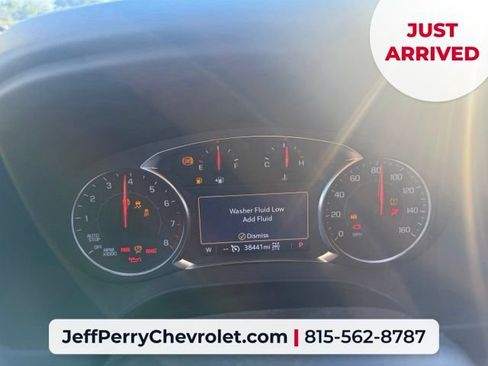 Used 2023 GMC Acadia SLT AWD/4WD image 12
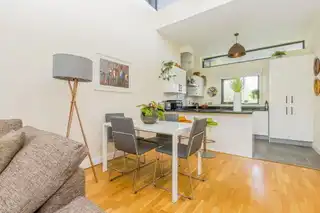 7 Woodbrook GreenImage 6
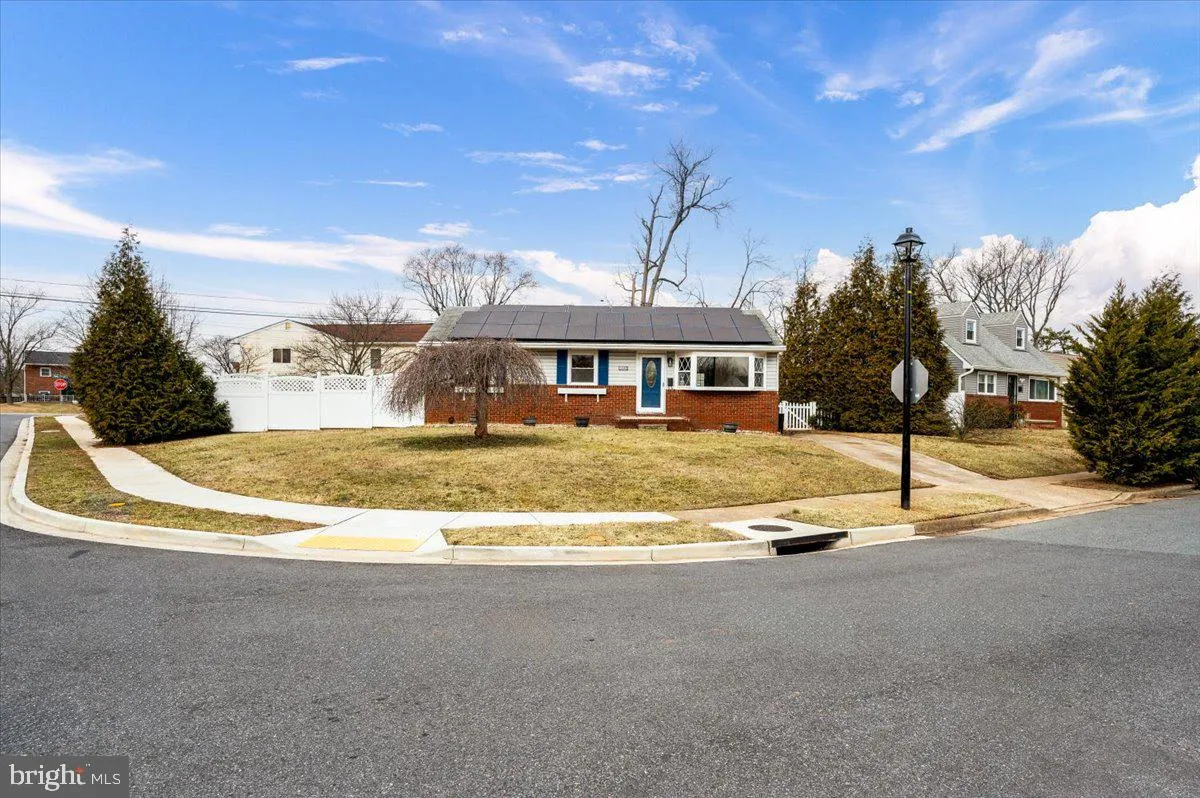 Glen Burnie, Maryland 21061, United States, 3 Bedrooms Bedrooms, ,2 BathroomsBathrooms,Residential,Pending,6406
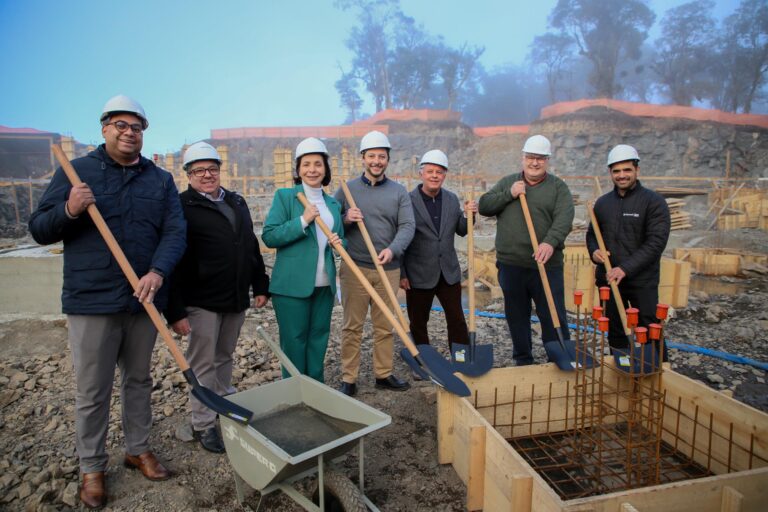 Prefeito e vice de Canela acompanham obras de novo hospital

* [What to work on] Every line above needs to be written out again as it stands. Pictures do not belong in the copy.

* [Response]
 Used 2023 GMC Acadia SLT AWD/4WD image 12
 7 Woodbrook GreenImage 6
 Glen Burnie, Maryland 21061, United States, 3 Bedrooms Bedrooms, ,2 BathroomsBathrooms,Residential,Pending,6406
 Prefeito e vice de Canela acompanham obras de novo hospital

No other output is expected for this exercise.